Questionado sobre a atuação das Forças Armadas nos Estados, Heleno afirmou que isso deve continuar, mas enfatizou o trabalho dos governos, em conjunto, para a melhoria da segurança pública:
— Tem uma série de estratégias, de providências, que podem reduzir a necessidade de emprego das forças armadas, que não são num estalar de dedos. Podemos melhorar a gestão das policias militares, o que não é missão do presidente, é dos governares; melhorar a instrução dos militares, melhorar os equipamentos — afirma — Se o presidente, atendendo aos requisitos legais, decidir empregar a intervenção inédita como ocorreu no Rio de Janeiro, as forças armadas estão aí para cumprir missão. É aquela história: missão dada é missão cumprida — completa.
Leia a entrevista na íntegra:
Quais são as suas projeções e seus planos para o Ministério da Defesa?

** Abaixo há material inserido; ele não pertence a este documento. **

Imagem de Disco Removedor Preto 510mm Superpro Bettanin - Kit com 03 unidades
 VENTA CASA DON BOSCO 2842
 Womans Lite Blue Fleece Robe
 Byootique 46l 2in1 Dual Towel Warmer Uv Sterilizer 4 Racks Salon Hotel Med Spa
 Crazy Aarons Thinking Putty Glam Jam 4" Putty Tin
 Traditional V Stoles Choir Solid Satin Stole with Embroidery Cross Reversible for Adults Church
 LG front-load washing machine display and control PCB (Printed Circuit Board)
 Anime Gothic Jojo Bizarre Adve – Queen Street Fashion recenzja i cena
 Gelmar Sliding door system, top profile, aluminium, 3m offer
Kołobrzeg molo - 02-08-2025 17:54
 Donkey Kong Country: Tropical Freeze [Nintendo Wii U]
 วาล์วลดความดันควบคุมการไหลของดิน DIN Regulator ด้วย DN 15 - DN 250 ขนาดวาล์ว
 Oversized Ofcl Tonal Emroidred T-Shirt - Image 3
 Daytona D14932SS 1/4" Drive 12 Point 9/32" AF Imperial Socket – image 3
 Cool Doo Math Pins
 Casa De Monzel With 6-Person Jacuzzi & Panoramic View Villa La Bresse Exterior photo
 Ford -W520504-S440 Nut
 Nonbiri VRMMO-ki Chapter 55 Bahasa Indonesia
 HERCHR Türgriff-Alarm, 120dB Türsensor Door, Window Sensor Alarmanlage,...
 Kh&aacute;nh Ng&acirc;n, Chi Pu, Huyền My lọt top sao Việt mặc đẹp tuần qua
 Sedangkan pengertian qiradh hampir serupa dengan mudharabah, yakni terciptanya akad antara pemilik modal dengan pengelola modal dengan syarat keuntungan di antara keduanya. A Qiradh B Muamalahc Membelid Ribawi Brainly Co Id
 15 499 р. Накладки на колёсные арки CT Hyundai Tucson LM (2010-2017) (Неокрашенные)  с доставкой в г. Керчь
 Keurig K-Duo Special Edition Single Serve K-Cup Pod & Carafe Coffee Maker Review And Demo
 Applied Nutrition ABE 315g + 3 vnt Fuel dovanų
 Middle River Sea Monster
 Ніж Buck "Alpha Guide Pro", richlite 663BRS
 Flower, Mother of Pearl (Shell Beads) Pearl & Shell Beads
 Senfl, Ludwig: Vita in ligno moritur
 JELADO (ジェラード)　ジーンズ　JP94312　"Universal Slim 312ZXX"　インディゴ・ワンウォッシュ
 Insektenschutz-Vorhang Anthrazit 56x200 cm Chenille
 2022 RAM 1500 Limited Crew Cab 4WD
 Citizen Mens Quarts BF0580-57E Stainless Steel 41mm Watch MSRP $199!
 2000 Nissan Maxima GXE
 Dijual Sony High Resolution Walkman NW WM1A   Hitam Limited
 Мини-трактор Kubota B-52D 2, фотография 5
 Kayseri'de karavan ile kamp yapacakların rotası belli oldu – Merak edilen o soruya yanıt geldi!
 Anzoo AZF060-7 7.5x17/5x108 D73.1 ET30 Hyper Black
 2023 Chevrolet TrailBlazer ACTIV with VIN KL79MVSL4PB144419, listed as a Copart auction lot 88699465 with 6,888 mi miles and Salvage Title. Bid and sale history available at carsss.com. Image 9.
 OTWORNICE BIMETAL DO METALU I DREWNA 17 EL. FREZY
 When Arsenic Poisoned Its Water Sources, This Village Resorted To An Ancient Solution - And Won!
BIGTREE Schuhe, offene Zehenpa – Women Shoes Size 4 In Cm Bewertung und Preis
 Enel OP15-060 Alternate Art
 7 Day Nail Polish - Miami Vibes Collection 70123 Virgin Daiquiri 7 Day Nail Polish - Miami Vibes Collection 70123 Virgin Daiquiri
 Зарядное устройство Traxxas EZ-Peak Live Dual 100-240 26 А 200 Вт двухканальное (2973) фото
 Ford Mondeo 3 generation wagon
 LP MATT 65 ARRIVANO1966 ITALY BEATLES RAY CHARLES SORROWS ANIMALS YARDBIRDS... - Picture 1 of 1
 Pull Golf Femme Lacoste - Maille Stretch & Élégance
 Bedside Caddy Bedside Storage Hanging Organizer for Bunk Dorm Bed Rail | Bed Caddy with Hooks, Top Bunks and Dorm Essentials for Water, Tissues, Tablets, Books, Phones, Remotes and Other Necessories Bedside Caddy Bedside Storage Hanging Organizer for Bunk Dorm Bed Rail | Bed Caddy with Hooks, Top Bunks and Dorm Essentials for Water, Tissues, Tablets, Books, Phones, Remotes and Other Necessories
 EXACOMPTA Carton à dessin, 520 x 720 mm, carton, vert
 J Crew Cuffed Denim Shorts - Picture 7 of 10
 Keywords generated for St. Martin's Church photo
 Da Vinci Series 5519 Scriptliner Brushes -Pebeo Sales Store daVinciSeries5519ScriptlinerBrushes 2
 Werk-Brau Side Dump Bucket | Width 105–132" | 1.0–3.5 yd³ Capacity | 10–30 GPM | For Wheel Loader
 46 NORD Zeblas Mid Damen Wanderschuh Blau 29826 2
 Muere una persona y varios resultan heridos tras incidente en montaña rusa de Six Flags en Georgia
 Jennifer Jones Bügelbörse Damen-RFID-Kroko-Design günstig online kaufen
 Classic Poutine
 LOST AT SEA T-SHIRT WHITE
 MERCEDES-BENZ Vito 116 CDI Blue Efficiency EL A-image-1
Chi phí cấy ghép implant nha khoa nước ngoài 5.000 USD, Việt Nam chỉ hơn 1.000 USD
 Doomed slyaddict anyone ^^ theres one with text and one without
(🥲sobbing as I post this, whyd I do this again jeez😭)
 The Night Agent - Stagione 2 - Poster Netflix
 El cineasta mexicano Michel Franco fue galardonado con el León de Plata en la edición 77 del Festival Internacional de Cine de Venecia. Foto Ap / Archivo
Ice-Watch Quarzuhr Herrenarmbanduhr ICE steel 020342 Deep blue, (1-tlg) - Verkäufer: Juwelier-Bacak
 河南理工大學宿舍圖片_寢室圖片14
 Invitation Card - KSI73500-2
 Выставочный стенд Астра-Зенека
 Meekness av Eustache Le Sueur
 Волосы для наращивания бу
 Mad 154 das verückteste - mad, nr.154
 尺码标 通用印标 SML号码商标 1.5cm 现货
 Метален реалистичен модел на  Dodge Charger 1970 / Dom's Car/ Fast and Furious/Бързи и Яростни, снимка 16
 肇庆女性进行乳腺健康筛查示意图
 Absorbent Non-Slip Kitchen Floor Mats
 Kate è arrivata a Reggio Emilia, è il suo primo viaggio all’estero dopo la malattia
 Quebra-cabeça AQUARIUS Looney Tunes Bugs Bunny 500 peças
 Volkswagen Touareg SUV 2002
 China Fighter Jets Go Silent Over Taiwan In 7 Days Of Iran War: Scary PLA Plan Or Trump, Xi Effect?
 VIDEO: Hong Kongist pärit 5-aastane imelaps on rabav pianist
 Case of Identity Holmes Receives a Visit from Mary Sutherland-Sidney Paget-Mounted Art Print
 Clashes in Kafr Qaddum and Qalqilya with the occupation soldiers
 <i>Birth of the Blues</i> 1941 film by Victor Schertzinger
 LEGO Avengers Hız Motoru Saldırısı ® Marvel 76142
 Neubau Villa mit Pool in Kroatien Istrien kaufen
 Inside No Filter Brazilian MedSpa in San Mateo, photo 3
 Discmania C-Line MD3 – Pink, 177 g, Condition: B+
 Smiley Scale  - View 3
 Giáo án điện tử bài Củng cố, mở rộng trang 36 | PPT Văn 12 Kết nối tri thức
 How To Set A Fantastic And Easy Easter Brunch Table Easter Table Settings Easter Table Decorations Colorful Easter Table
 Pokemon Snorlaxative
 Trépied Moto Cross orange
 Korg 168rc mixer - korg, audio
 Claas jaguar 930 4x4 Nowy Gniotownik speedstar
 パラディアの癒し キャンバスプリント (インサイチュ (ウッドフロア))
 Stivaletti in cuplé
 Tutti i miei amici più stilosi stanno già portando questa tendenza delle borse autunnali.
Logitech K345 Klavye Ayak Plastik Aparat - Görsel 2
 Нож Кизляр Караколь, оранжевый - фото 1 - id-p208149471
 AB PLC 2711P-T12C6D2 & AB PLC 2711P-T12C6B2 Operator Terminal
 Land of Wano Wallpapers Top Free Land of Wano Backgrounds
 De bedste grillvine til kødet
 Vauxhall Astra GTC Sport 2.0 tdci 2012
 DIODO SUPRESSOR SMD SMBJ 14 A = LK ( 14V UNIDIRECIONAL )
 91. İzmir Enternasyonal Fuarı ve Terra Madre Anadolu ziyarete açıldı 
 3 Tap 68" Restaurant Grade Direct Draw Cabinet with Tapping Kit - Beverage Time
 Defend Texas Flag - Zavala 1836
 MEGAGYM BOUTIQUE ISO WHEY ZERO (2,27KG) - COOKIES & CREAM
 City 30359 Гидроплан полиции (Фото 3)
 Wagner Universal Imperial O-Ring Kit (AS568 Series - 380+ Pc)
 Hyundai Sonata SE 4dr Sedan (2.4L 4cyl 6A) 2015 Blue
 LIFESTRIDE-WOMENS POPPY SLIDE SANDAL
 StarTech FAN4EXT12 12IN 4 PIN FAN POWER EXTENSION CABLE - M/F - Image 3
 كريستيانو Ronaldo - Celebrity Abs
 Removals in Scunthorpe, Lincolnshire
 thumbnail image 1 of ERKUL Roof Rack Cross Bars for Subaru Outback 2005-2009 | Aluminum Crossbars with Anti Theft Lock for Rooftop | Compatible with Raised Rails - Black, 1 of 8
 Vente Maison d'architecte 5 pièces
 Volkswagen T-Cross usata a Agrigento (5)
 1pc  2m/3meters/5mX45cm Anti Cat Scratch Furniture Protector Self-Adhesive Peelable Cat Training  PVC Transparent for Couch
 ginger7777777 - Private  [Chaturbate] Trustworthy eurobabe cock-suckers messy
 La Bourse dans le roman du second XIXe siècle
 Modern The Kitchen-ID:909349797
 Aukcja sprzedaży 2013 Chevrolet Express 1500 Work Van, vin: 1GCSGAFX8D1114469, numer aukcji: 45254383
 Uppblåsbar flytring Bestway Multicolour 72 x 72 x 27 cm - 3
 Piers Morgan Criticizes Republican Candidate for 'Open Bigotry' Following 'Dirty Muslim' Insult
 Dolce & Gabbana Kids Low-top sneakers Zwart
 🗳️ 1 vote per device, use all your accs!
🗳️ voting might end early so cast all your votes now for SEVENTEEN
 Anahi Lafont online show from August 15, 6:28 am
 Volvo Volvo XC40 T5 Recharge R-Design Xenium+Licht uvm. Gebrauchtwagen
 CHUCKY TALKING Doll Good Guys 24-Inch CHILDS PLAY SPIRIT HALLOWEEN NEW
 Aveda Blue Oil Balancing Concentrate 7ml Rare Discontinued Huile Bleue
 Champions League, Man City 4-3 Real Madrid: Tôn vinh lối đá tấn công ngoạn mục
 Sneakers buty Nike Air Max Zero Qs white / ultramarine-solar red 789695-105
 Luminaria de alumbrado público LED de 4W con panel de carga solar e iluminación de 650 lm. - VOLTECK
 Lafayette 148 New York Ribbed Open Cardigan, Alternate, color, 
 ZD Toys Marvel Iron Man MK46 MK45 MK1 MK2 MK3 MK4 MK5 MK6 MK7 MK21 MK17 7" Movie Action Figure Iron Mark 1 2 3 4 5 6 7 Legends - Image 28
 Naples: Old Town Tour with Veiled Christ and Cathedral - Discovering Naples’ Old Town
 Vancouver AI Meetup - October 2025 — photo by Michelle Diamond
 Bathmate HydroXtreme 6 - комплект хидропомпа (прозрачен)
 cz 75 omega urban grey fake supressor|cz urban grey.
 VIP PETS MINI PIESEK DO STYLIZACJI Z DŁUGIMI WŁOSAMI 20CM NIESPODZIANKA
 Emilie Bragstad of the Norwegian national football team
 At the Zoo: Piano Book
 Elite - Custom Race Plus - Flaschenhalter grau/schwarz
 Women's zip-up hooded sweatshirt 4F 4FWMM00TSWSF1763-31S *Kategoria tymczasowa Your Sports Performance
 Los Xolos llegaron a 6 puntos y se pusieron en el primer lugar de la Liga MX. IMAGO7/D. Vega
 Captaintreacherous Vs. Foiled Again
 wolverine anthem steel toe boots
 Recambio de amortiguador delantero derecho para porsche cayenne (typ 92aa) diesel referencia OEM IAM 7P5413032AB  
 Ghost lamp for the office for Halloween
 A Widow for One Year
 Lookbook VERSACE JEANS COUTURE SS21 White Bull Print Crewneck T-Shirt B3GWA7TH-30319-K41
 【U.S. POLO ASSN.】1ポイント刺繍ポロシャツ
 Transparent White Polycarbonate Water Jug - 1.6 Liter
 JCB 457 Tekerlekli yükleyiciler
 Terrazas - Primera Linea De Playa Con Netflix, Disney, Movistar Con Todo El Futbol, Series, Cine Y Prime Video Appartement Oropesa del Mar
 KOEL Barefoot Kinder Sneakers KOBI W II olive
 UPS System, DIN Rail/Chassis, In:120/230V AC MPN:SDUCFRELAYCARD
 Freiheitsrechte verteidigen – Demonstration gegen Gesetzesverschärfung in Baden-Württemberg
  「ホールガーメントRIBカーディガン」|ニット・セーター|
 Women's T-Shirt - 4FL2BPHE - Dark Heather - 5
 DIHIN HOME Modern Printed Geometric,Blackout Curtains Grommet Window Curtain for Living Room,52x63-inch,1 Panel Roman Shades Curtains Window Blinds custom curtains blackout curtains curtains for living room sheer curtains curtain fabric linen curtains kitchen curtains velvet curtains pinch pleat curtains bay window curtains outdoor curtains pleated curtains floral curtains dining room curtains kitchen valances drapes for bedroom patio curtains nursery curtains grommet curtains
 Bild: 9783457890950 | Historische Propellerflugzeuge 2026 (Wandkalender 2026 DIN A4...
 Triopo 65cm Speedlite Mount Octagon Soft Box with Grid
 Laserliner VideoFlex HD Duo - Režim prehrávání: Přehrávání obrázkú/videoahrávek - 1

O Ministério da Defesa, entre os ministérios, é o mais estruturado. Foi o que sofreu menos com a gestão desastrosa dos governos interiores. Não tenho por que mexer na estrutura estrutura. A ideia ali é buscar continuidade do que vem sendo feito, porque ele não é impregnado nem de ideologia, nem de partidarismo. Isso facilita muito a transição.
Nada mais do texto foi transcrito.